2. Is what I’m doing adding value? It’s important to acknowledge the fact that you’ll burn out members of your church with too many events. Less is more. If what I’m planning is going to add value to the lives of my families, I can’t be planning a million other things around it. We plan one retreat a year, one-to-two large events and then several small get-togethers for our students and families. By focusing on fewer larger things we have the ability to do them well.
3. What can I realistically do? My eyes can be bigger than my stomach. I love to dream big but sometimes those dreams are way too big for what I can realistically do and do well. Of course I’d love to have the biggest and brightest – but honestly, your students don’t need that. They need you. They need their leaders. I’ve seen some amazing summer camps that operated on shoestring budgets because that was the reality of their limitations. Your students won’t remember how much you spent on stuff for your retreat, they’re going to remember how well you loved them.

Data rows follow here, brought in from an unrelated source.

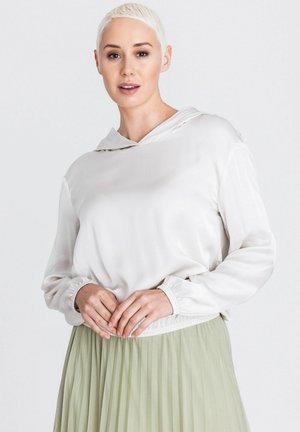 Frau mit kurzen blonden Haaren, die einen weißen Langarm-Hoodie und einen hellgrünen plissierten Rock trägt, steht vor einem einfarbigen Hintergrund.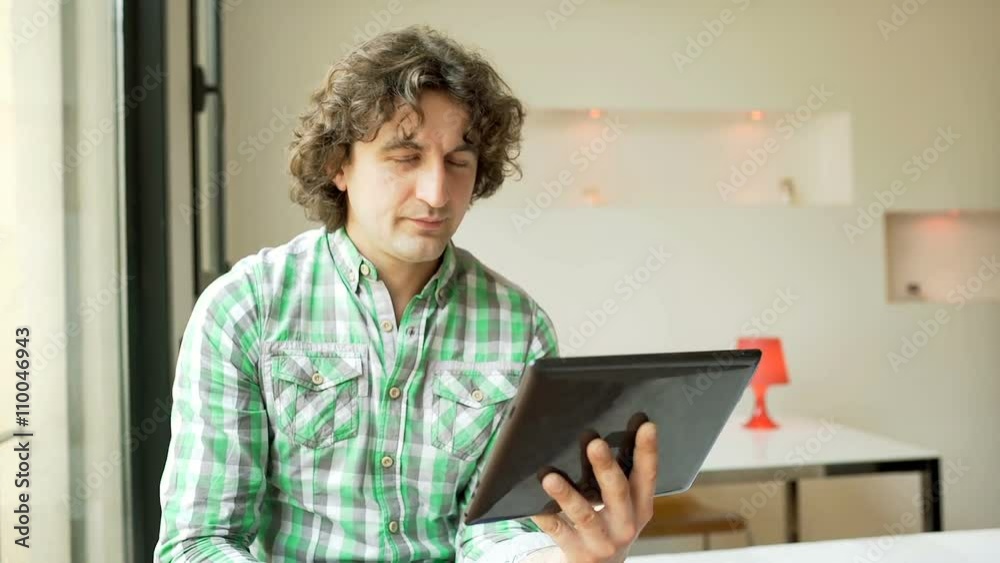 Man browsing internet on tablet and looking to the camera, steadycam shot
Man browsing internet on tablet and looking to the camera, steadycam shot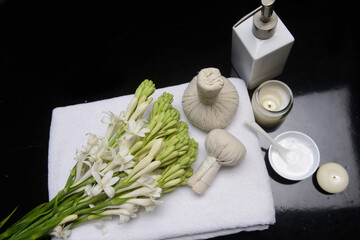 Lifestyle and Healthy Concept. Spa setting for massage treatment on black, background


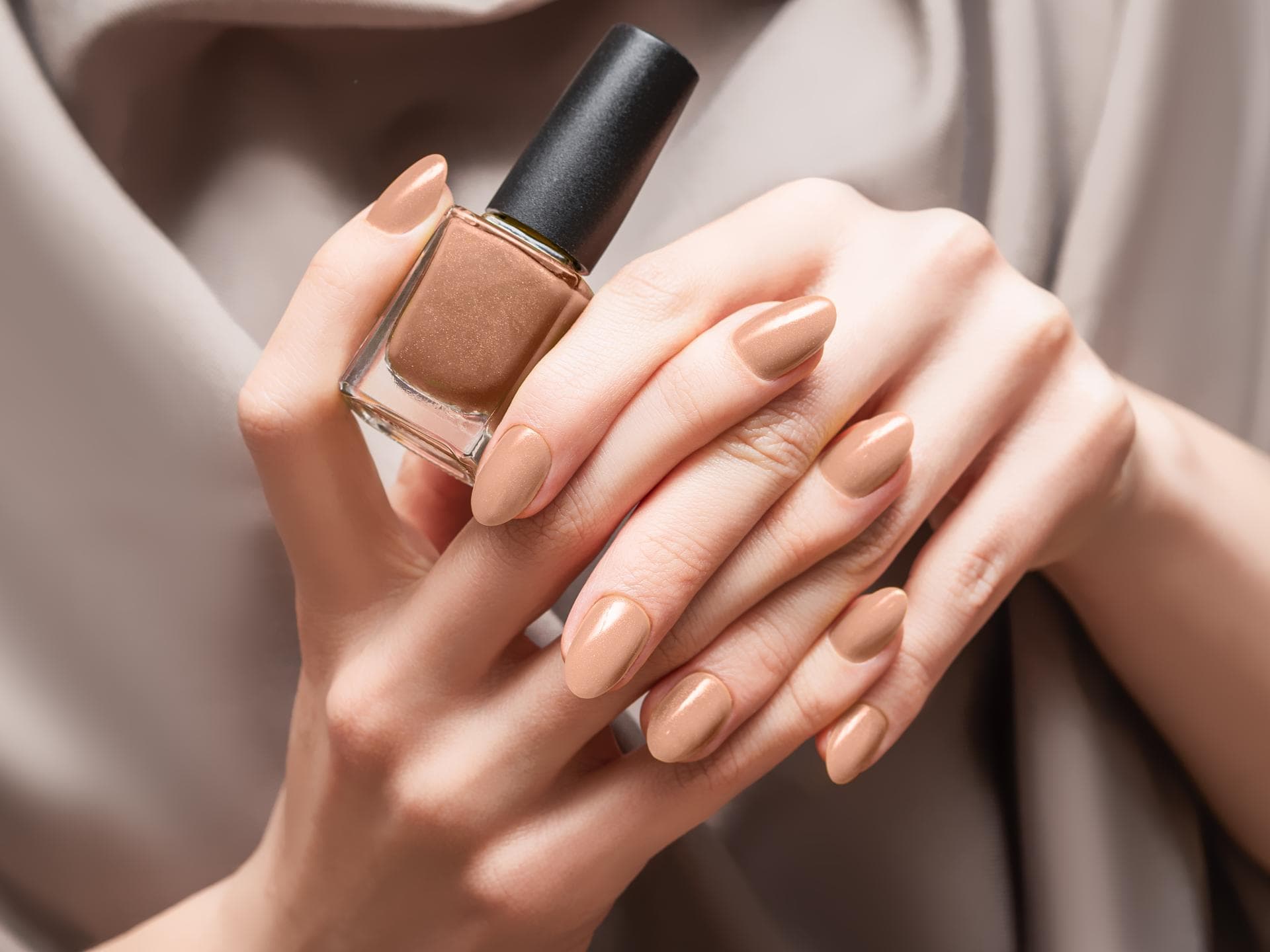 Die Toffee Nails von Selena Gomez sind der Nageltrend im Herbst Person hält braunen Nagellack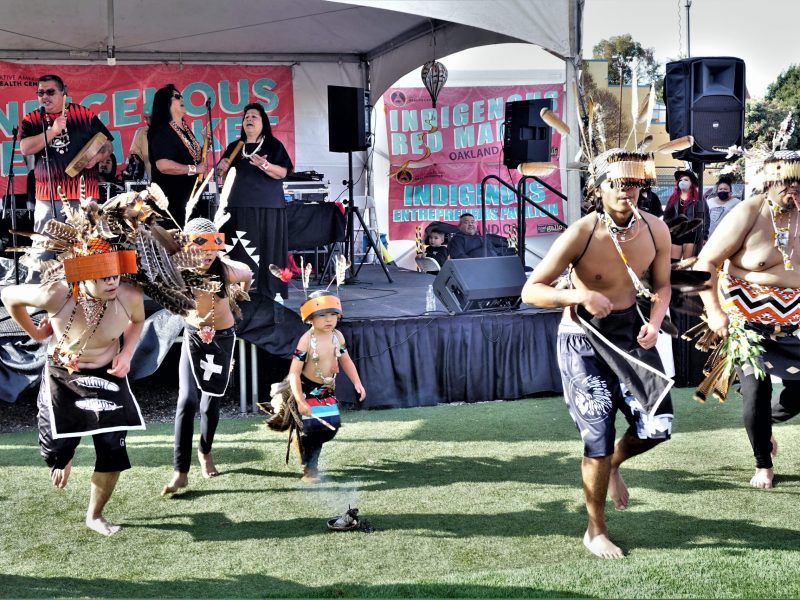 Image of Pomo Native American dancers at an outdoor event.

4. Can I get everyone there? Nope. Try to pick a time or season when you can get the most amount of people to attend, but realistically you’ll never find a time when everyone can make it. Don’t beat yourself up over that. Do the best you can and roll with the punches. Only you – as a ministry leader – can answer these questions. My prayer is that they help you figure out the best way to communicate Jesus to your students and families.
Joe Smith is a veteran of youth ministry, having served as lead youth minister in multiple churches over the past 20 years. He's also served as a senior minister and preaching minister of churches in Florida, and currently serves on the ministry staff at Shift Church in Gainesville. To contact Joe, send emails to firstname.lastname@example.org.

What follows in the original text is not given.